Give all of the listing again word for word, with images excluded.

#### Information provided:
[Start of section]

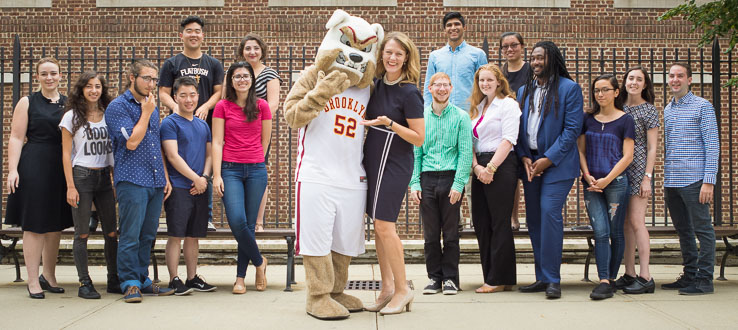 Buster the Bulldog makes his debut at the 2016 Convocation with President Anderson and members of Student Government.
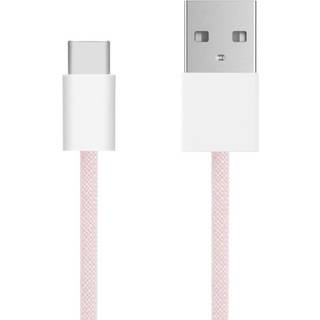 Linocell Flettet USB-A til USB-C kabel - Lyserød 2 m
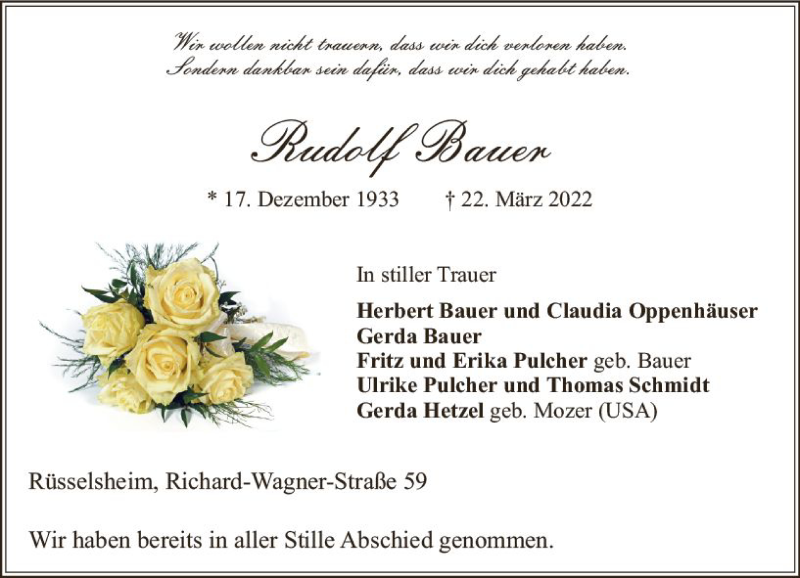  Traueranzeige für Rudolf Bauer vom 09.04.2022 aus vrm-trauer Rüsselsheimer Echo / MainSpitze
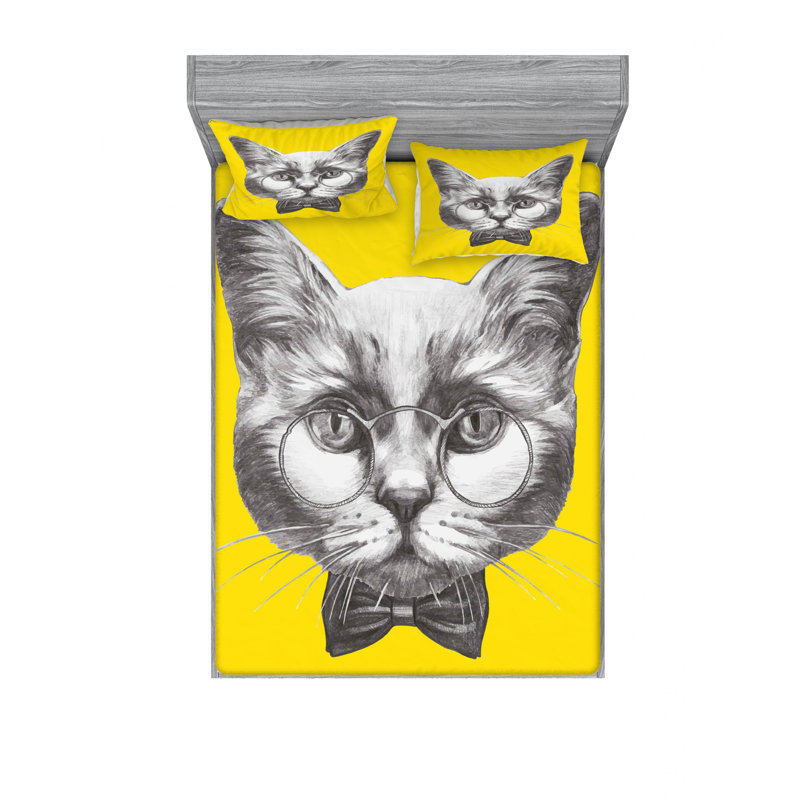 Ensemble de literie pour chat avec verres, Ensemble de draps pour lit double avec un drap-hou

[End of section]

#### Output below:
 Buster the Bulldog makes his debut at the 2016 Convocation with President Anderson and members of Student Government.
 Linocell Flettet USB-A til USB-C kabel - Lyserød 2 m
  Traueranzeige für Rudolf Bauer vom 09.04.2022 aus vrm-trauer Rüsselsheimer Echo / MainSpitze
 Ensemble de literie pour chat avec verres, Ensemble de draps pour lit double avec un drap-hou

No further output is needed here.